Lacan’s ‘Mirror Stage’ Interpreted By Leonie Barth
- Words
- Brit Seaton
London-based fashion designer Leonie Barth works to create womenswear and accessories. Her collection ‘ICH IST EIN ANDERER’ was designed with human science as inspiration, focusing on Jacques Lacan’s theory of the ‘mirror stage’.
Originally from the German city of Gütersloh, Barth studied at the University of Applied Sciences in Bielefeld, presenting ‘ICH IST EIN ANDERER’ (or ‘I is an other’) as her graduate collection. A series of ten outfits visually interpret Lacan’s ‘mirror stage’ concept, which divides the human psyche into three intertwined orders: the imaginary, the symbolic and the real. Lacan recognized the significance of mirrors in the creation of self-consciousness, and Barth translates his theory into expressions made possible through clothing.
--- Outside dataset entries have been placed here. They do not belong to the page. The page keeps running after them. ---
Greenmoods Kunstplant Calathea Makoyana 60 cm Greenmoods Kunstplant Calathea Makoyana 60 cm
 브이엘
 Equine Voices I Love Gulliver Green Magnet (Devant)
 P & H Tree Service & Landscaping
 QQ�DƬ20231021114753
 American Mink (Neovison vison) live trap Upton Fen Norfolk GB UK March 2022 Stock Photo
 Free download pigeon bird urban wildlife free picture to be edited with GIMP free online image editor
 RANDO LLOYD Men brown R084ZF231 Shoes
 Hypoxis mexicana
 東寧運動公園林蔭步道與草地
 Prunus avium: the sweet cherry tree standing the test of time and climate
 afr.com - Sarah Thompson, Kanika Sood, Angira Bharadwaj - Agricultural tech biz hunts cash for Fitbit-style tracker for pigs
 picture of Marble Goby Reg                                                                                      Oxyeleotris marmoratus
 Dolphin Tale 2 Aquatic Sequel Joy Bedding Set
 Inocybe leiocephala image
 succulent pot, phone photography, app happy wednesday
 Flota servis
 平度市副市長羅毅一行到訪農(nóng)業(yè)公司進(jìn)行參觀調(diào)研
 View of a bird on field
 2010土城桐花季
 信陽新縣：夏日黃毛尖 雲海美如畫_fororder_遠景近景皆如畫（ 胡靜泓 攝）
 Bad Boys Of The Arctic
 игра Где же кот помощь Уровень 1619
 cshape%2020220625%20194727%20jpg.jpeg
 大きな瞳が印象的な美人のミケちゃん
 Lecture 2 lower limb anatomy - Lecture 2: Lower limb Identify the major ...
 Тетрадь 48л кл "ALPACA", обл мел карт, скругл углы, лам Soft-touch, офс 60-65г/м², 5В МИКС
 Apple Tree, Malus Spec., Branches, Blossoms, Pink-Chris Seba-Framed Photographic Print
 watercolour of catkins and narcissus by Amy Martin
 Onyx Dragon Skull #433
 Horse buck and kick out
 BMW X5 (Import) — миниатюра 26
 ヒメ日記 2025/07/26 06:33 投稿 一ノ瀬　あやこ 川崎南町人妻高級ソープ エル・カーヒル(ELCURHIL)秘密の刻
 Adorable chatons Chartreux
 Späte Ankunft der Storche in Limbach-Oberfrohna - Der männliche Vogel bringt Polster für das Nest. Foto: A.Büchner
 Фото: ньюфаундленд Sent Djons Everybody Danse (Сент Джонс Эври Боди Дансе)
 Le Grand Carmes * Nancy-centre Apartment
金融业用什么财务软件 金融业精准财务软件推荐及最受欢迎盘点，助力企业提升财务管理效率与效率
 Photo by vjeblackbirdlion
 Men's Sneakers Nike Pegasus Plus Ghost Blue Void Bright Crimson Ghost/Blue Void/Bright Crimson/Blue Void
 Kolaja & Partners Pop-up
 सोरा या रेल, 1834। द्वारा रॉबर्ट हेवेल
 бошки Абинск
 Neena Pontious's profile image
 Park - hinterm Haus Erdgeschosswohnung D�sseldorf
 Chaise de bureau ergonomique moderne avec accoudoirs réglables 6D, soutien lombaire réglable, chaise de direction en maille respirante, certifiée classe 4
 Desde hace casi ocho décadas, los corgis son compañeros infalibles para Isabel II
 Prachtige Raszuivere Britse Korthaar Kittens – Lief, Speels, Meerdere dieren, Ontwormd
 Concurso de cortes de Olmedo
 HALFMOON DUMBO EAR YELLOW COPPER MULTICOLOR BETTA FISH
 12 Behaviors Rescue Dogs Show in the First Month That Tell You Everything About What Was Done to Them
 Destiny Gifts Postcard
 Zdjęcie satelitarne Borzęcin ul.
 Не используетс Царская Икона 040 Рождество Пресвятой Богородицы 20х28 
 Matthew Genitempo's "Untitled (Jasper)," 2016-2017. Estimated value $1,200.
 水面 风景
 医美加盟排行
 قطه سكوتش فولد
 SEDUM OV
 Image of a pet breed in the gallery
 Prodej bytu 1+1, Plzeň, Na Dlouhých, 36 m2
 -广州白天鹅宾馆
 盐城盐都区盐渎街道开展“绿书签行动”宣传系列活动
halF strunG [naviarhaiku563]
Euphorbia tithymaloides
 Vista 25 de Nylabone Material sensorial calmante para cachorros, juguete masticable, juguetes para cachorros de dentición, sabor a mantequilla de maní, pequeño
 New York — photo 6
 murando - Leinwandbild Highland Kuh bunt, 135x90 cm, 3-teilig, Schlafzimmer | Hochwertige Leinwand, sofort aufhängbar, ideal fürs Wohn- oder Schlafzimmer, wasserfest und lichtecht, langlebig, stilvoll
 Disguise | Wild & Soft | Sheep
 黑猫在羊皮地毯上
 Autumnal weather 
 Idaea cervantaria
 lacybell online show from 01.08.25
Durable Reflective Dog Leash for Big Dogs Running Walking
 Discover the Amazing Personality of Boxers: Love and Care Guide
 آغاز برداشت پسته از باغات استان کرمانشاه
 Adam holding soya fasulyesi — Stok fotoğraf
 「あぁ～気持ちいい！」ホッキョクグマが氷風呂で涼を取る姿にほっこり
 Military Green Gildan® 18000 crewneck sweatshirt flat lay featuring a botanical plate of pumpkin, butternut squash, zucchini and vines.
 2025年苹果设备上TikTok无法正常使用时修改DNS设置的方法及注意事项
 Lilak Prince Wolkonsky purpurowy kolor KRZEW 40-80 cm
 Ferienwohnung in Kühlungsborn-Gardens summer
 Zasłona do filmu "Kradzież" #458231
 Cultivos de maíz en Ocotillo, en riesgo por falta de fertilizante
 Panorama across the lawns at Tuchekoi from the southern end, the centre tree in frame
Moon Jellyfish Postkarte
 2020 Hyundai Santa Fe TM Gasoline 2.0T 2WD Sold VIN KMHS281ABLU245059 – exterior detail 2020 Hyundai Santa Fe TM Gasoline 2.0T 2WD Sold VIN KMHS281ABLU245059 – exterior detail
Utilising mirrors in her designs to physically reflect symmetrical illusions of the collection’s ‘halved’ elements, Barth signifies Lacan’s idea that our mirror image completes our identity. The designer also implements color theory to conceptualize the ‘mirror stage’, taking dark bluish violet and lucent yellow, which mixed together present gray–a key color used in the collection to symbolize the polished surface of a mirror. Barth’s use of holographic textiles is also mindful of the Greek root word ‘holos’, meaning ‘whole’: the notion of wholeness and completion is significant to the mirror stage. The designer explains, “Clothes develop through the reflection of their own image. Missing parts are added and existing parts are reflected to create completeness.”